» Work required
Pictures stay out; please output the remaining data exactly.

[[ The data, beginning ]]

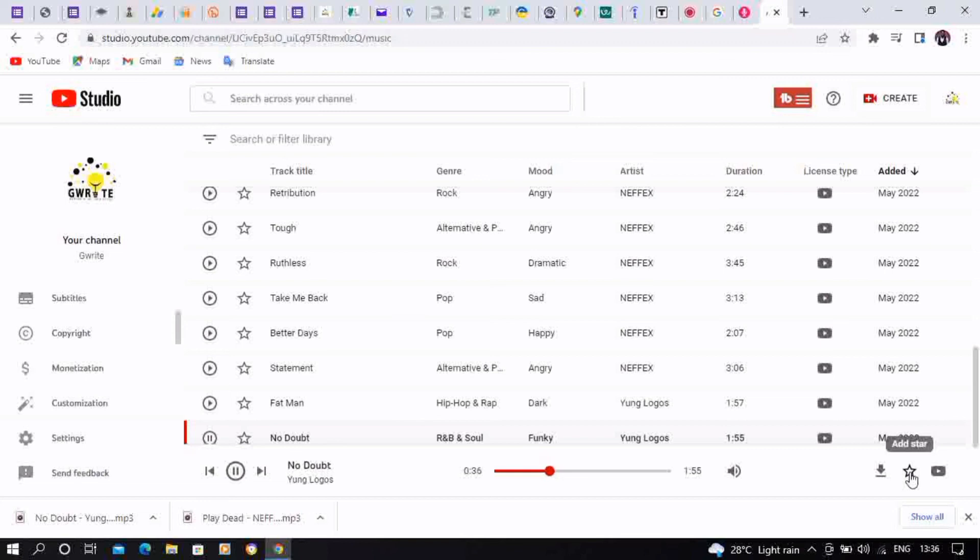So that you could easily access it whenever you want to. All right, so that's all. Thanks for joining, please subscribe to our channel.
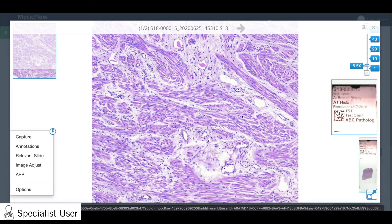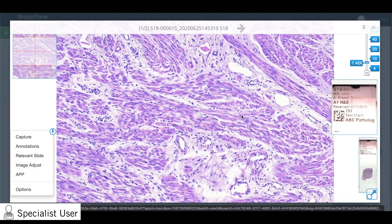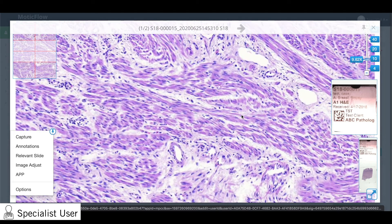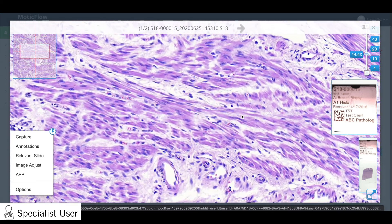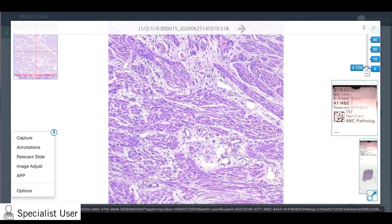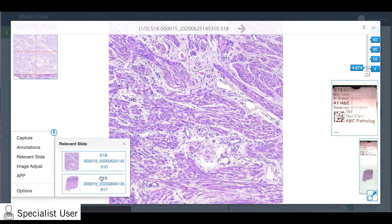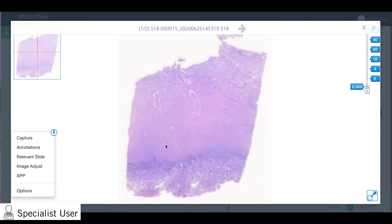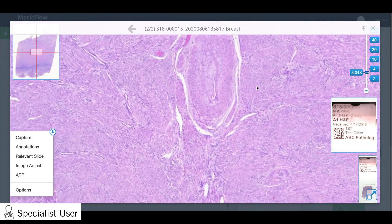To get a better view of the slide detail, zoom in and out using the slider or using your mouse wheel. In the bottom left-hand corner, you can click Relevant Slide to quickly switch to review another slide in the case.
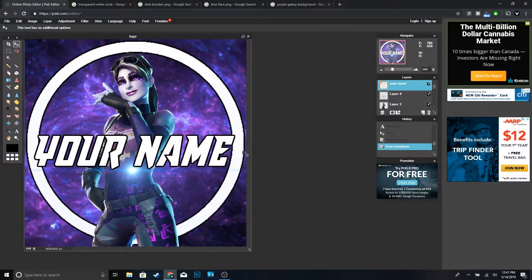What is up guys, welcome back to another video on the channel. In this video I'm going to be showing you guys how to make a Fortnite logo for free without having to use Photoshop. If you guys find this video helpful make sure to drop a like, and if you're new to the channel make sure to subscribe and turn on post notifications so you won't miss any future videos.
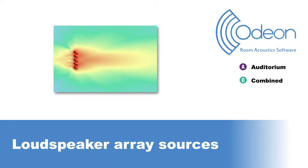Hello, this is Mario from ODEON. In this video, we will showcase array sources. This type of source is available in Editions Auditorium and Combined, and is especially useful for PA systems.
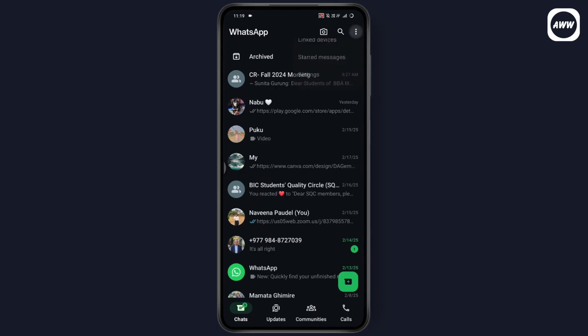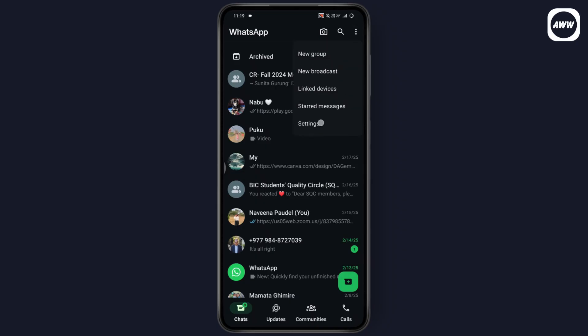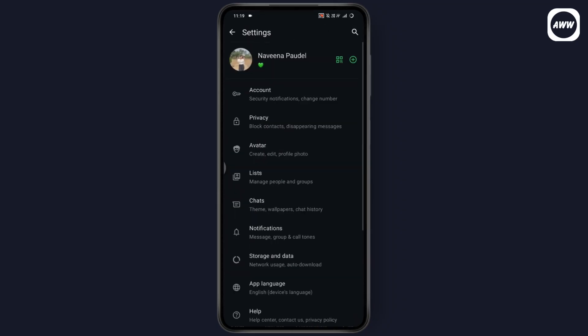You can go to the three dots which is on the top right and then go to settings. Make sure that you have not hidden your last seen because if you've hidden yours, then you won't be able to see the others' last seen.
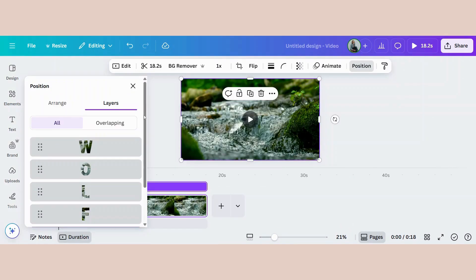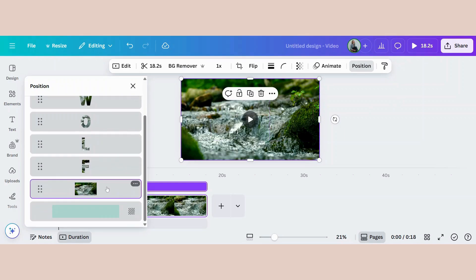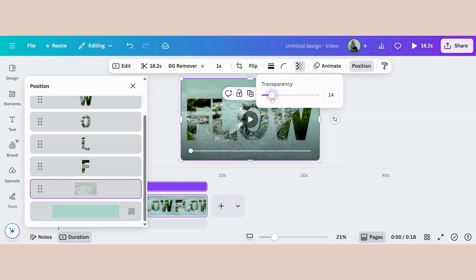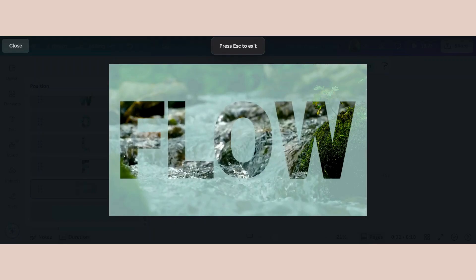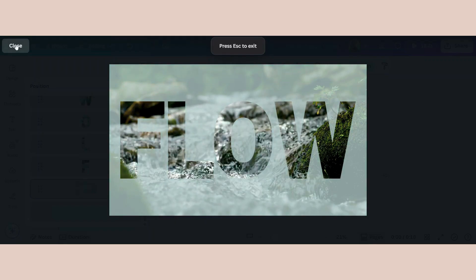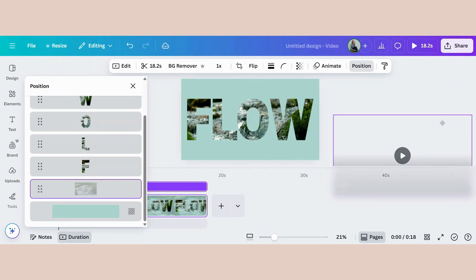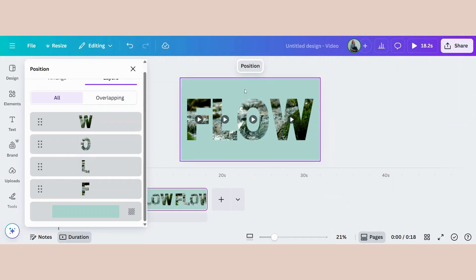To reveal your text animation, go to your layers and click on your video layer. Go up to transparency and bring the transparency down, then click the play button. Or you can simply remove the background video and color in your background or leave it white.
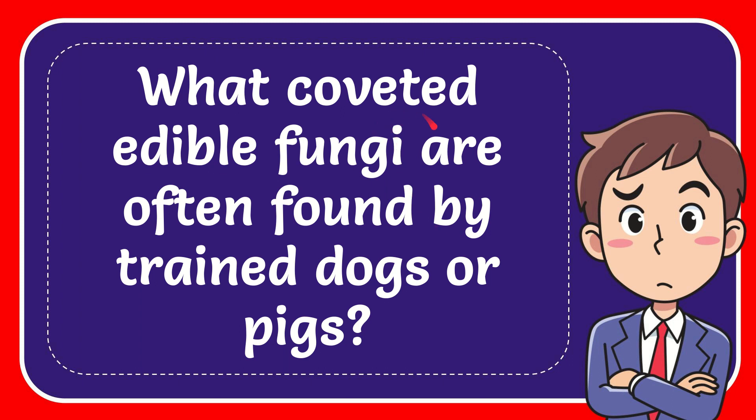In this video I'm going to give you the answer to this question. The question is: what coveted edible fungi are often found by trained dogs or pigs?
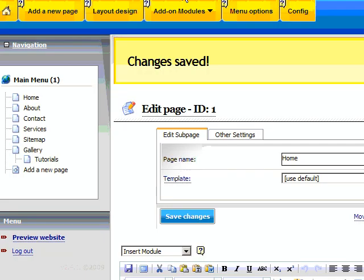First thing you need to do is log in to your web builder MNPanel and go up to the add-ons modules and click on the poll vote.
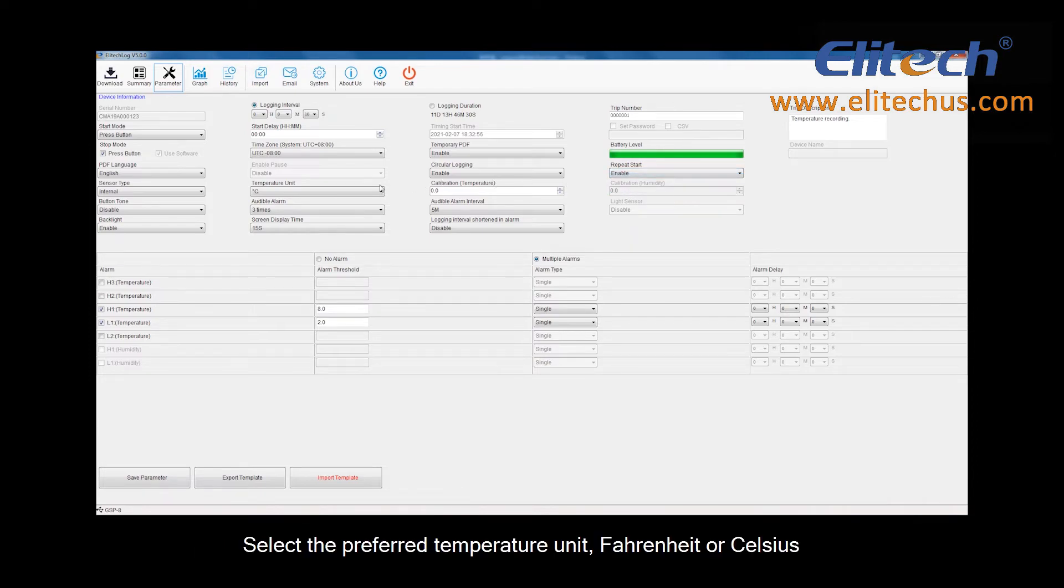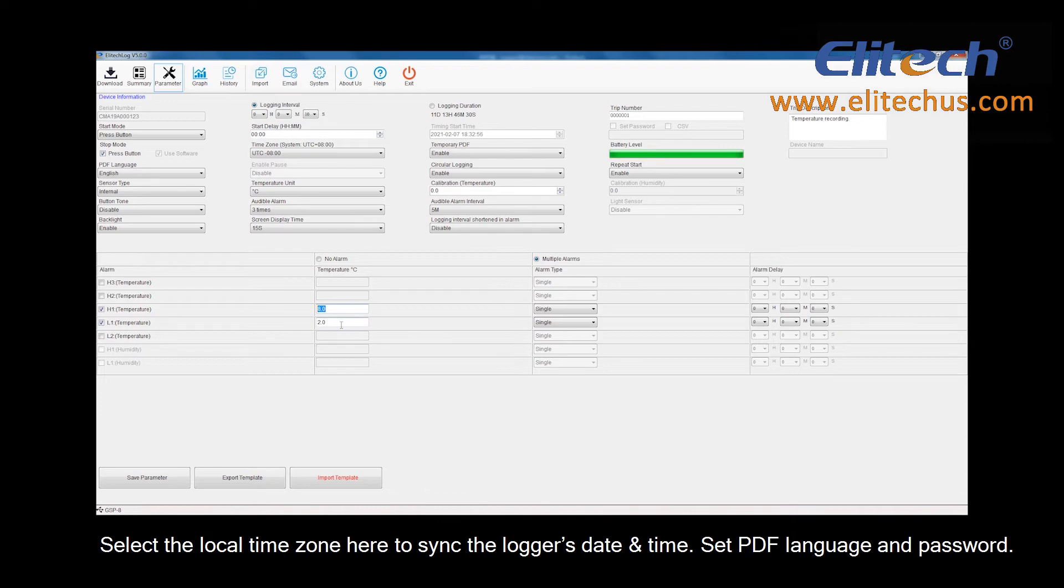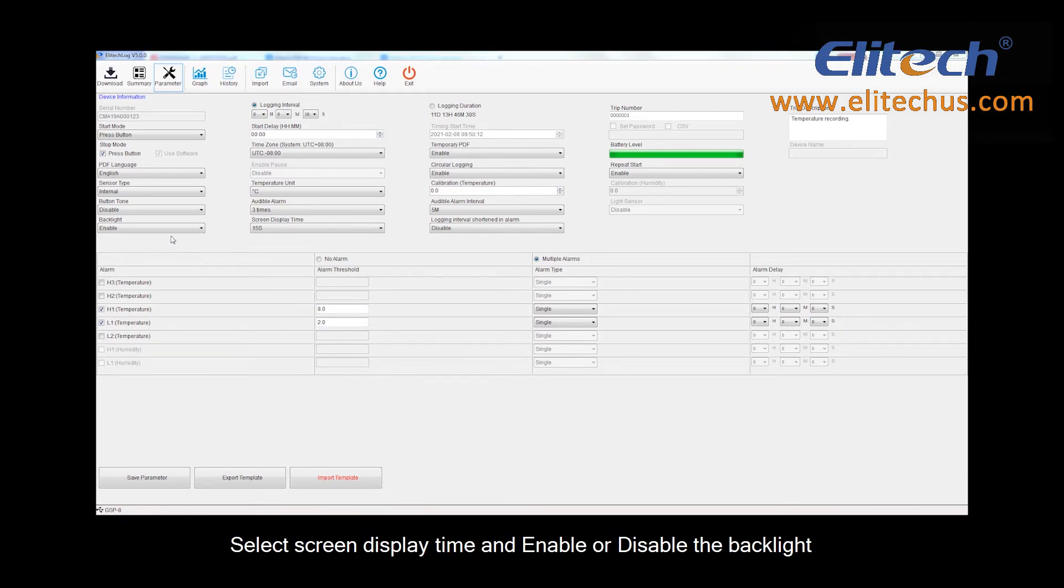Select the preferred temperature unit, Fahrenheit or Celsius. Select the local time zone here to sync the logger's date and time. Set PDF language and password. Select Screen Display Time and enable or disable the backlight.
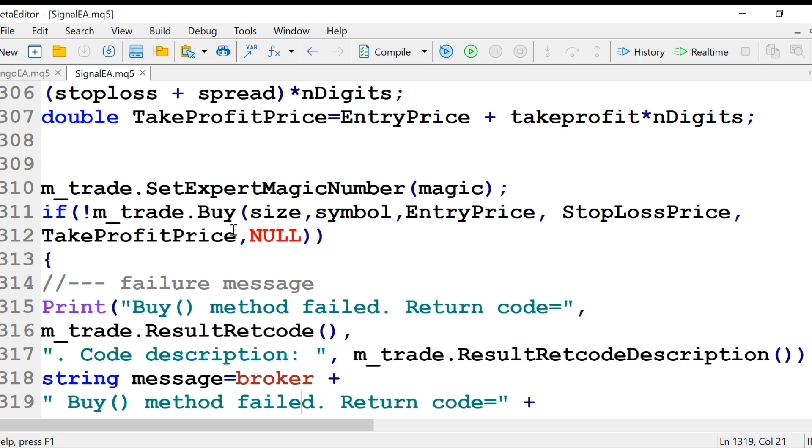We call m_trade.Buy. Now we are using the buy method of the trade class, this m_trade object. Then we are going to set up the message.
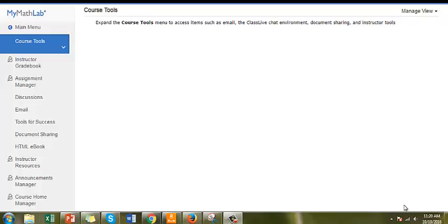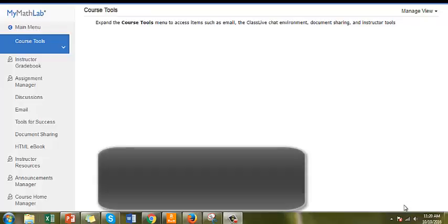You can create your own offline categories and include them in your gradebook if the assignments do not fit the standard category homework, quiz, or test.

[[ The data, end ]]

» Output of the exercise
So that you could easily access it whenever you want to. All right, so that's all. Thanks for joining, please subscribe to our channel.
To get a better view of the slide detail, zoom in and out using the slider or using your mouse wheel. In the bottom left-hand corner, you can click Relevant Slide to quickly switch to review another slide in the case.
What is up guys, welcome back to another video on the channel. In this video I'm going to be showing you guys how to make a Fortnite logo for free without having to use Photoshop. If you guys find this video helpful make sure to drop a like, and if you're new to the channel make sure to subscribe and turn on post notifications so you won't miss any future videos.
Hello, this is Mario from ODEON. In this video, we will showcase array sources. This type of source is available in Editions Auditorium and Combined, and is especially useful for PA systems.
You can go to the three dots which is on the top right and then go to settings. Make sure that you have not hidden your last seen because if you've hidden yours, then you won't be able to see the others' last seen.
To reveal your text animation, go to your layers and click on your video layer. Go up to transparency and bring the transparency down, then click the play button. Or you can simply remove the background video and color in your background or leave it white.
In this video I'm going to give you the answer to this question. The question is: what coveted edible fungi are often found by trained dogs or pigs?
First thing you need to do is log in to your web builder MNPanel and go up to the add-ons modules and click on the poll vote.
Select the preferred temperature unit, Fahrenheit or Celsius. Select the local time zone here to sync the logger's date and time. Set PDF language and password. Select Screen Display Time and enable or disable the backlight.
We call m_trade.Buy. Now we are using the buy method of the trade class, this m_trade object. Then we are going to set up the message.
You can create your own offline categories and include them in your gradebook if the assignments do not fit the standard category homework, quiz, or test.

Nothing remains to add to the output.